Multiplication of conditional probability with several variables

Ronald_Ku · Aug 6, 2014

Dear All,

I am a starter to machine learning and i am currently confused about the following problem:

what is the result of P(X|Y)P(Y|Z)?
In my book, it is written to be P(X|Z). But I don't think it is correct since
P(X|Z)= P(X|Y,Z)P(Y|Z)
But clearly P(X|Y)=/= P(X|Y,Z)

Assuming all Events are not independent.

I have simplified the problem in the above equation. The true equation is
p(w|x,t,α,β)proportional to p(t|x,w,β)p(w|α) from pattern recognition and machine learning written by christopher m. bishop.

Any helps and ideas will be very appreciated.

Stephen Tashi · Aug 6, 2014

Ronald_Ku said:

since
P(X|Z)= P(X|Y,Z)P(Y|Z)

Are you saying the above is given as a special condition in the problem?

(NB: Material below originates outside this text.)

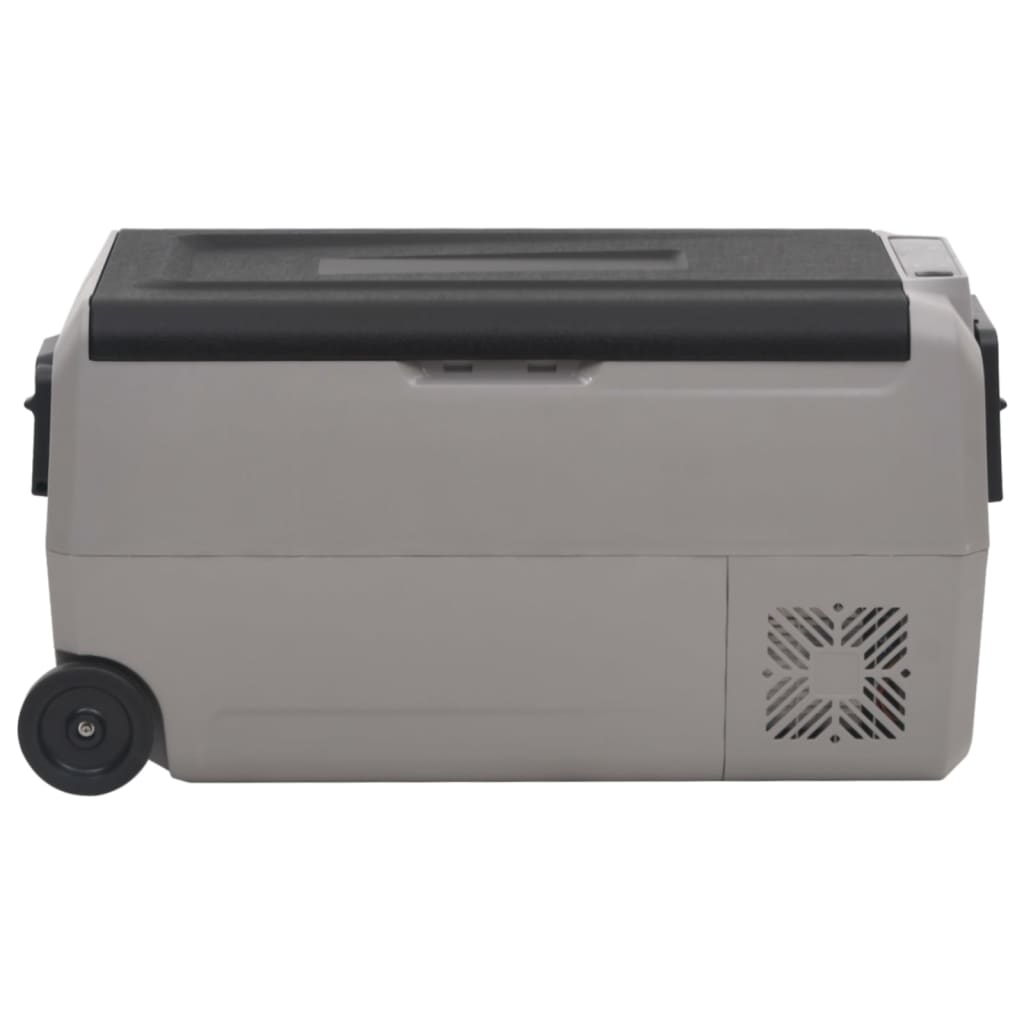 Vidaxl koelbox met wielen en handvat 36 l polypropeen zwart en grijs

Or did you mean [itex] P( \ ( X \cap Y) | Z\ ) = P(X | \ (Y \cap Z)\ )\ P(Y | Z) [/itex] ?

Ronald_Ku · Aug 6, 2014

Stephen Tashi said:

Are you saying the above is given as a special condition in the problem?

Or did you mean [itex] P( \ ( X \cap Y) | Z\ ) = P(X | \ (Y \cap Z)\ )\ P(Y | Z) [/itex] ?

yes you are correct.
what I mean is P(x,y|z)=P(x|y,z)P(y|z)

Stephen Tashi · Aug 6, 2014

Ronald_Ku said:

what is the result of P(X|Y)P(Y|Z)?
In my book, it is written to be P(X|Z)

I don't see why that would be correct. Perhaps you need to explain the entire context for it. I don't have a copy of Bishop's book.

Ronald_Ku · Aug 7, 2014

It is in the introduction chapter of the book and is talking about polynomial curve fitting.
X,T refer to a training set while t refers to the predicted point at position x
W refers to the set of parameters of M-order polynomial, that
y(x,w) = w0 + w1*x + w2*x^2 + . . . + wM*x^M

it claims the following equation for the prediction of t with help of the training set and position x
p(t|x, X, T) =[itex]\int [/itex] p(t|x,w)p(w|X, T) dw

that means p(t|x,w)p(w|X, T)= p(t,w|x,X, T) for later maginalization
But I believe that p(t|x,w)=/= p(t|x,w,X, T)

If it is not clear enough, i can explain more

Stephen Tashi · Aug 7, 2014

Ronald_Ku said:

p(t|x, X, T) =[itex]\int [/itex] p(t|x,w)p(w|X, T) dw

To make sense of an expression denoting a probability, we must understand what the "probability space" is. Can you describe the space associated with the notation p(t,x,X,T) ? Is it possible that some of those variables are not random variables, but ordinary variables instead? For example, if I have 3 loaded dice then I might use the notation
p( X,k)
to mean "the probability of getting a result of X when I roll the k-th die".. That interpretation doesn't imply that "k" is a random variable. It doesn't implay that there is an experiment where I pick a die at random.

Ronald_Ku · Aug 7, 2014

Let me clarify what you mean: in the expression p(x|m,n), it is not necessary that m and n are random variable. They can be parameters. Whether one is a random variable depend on the setting of the experiment,right?
IN your case, k can be random variable and p(x,k) means getting a x at random and rolling the k die at random if the experiment is set to be this way.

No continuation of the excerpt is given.